God desires our praise. He invites it, He summons it; He commands it. Not only do we have explicit commands throughout Scripture, we also have the examples set by God’s people over and over again, down through the centuries. In one sense, nothing seems more natural than that we should praise God, and that He should require it of us.
But there is an oddity involved in it. Sometimes questions do arise. God does not command us to worship Him with some sort of creepy megalomania, as though He were somehow needy for our praise. How could that be? God is everlasting joy itself, and so how could He be needy? Just as He did not create us because He was lonely, so also He did not create us to be a huge audience, so that someone would be around who would applaud for Him.
In the first place, we are not a huge audience. When we consider the size of the cosmos, and the billions of stars in our galaxy, along with the fact that there are billions of galaxies, and we consider the fact that our planet is microscopic in comparison to all of that, and that we and our voices are microscopic in comparison to our world, it becomes apparent that our volume is not exactly enormous. As a simple matter of decibels, God could certainly have done bigger and better.
But in a sense, size is irrelevant. God’s summons to us, where He requires our praise, is a gracious condescension on His part. He knows that in His creation of us as little beings, bearing His image, tiny midges with eternity in their hearts, He could not give us minds and hearts—as He did—without also giving us the correlative necessity of acknowledging where our minuscule existence came from. If He created us, we must be small. But we need not be small and blind.
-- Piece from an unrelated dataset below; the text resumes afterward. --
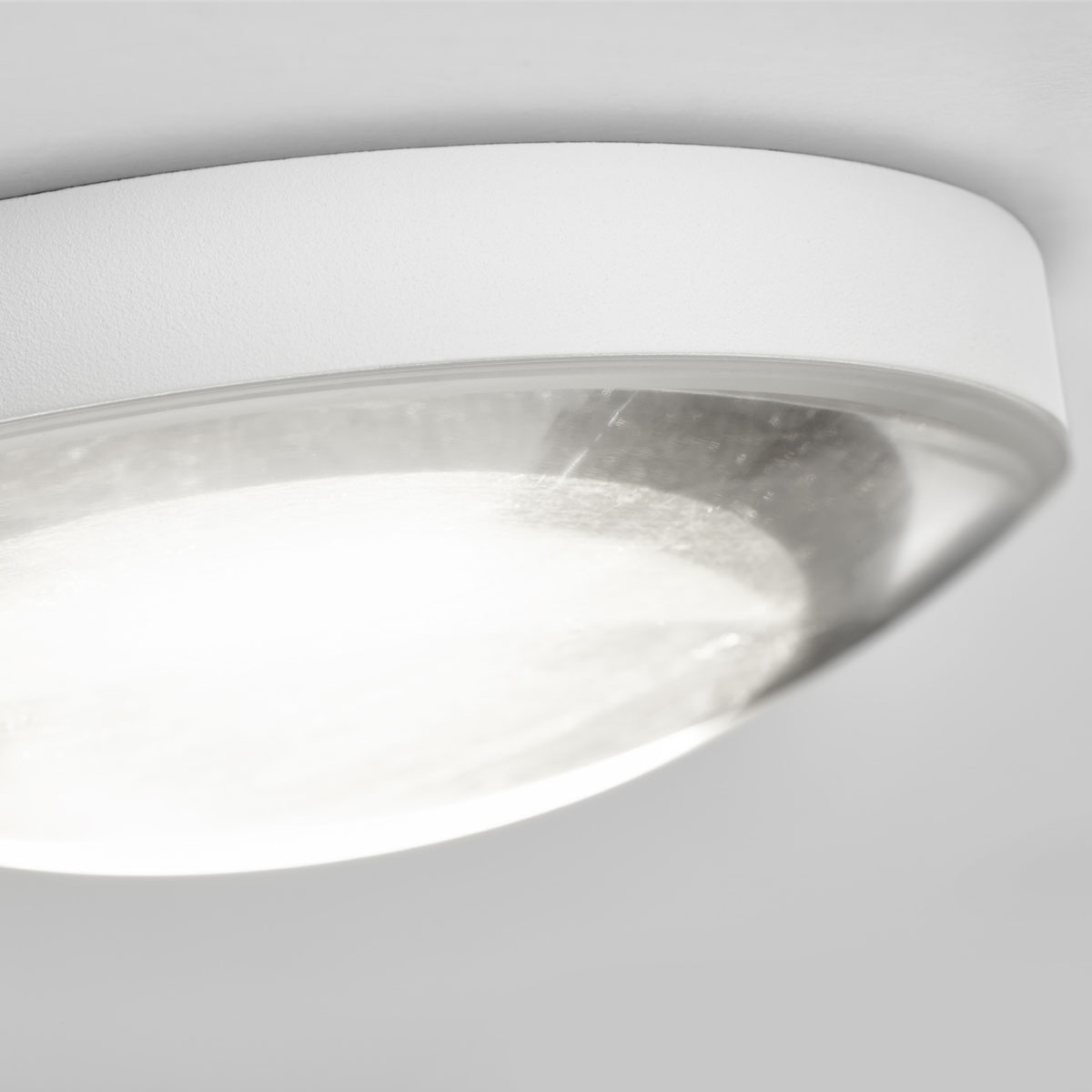 Helestra Lug LED Deckeneinbaustrahler mit Casambi-Modul, weiß matt, Detail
As Lewis says somewhere, in the final analysis, God has nothing to give us but Himself, and if He is to create anything, it must be finite, and if it is finite, it must be helpless, contingent, and utterly frail in comparison to the Infinite Glory. The greatest archangel prostrates himself just as we do. The seraphim, glorious dragons, before whom we would cry out in fear, themselves cry holy, holy, holy incessantly. The cherubim are humble, not haughty.
For God to create sentient beings at all is for Him to create beings who are absolutely dependent. And because they have hearts, choices and wills, He knows that unless those hearts are bent to acknowledge this foundational reality, those frail and finite beings will also be stupid, lost, blind and arrogant.
The requirement to praise Him is therefore an act of gracious condescension on His part. We praise Him as the one who is everlasting and eternal love.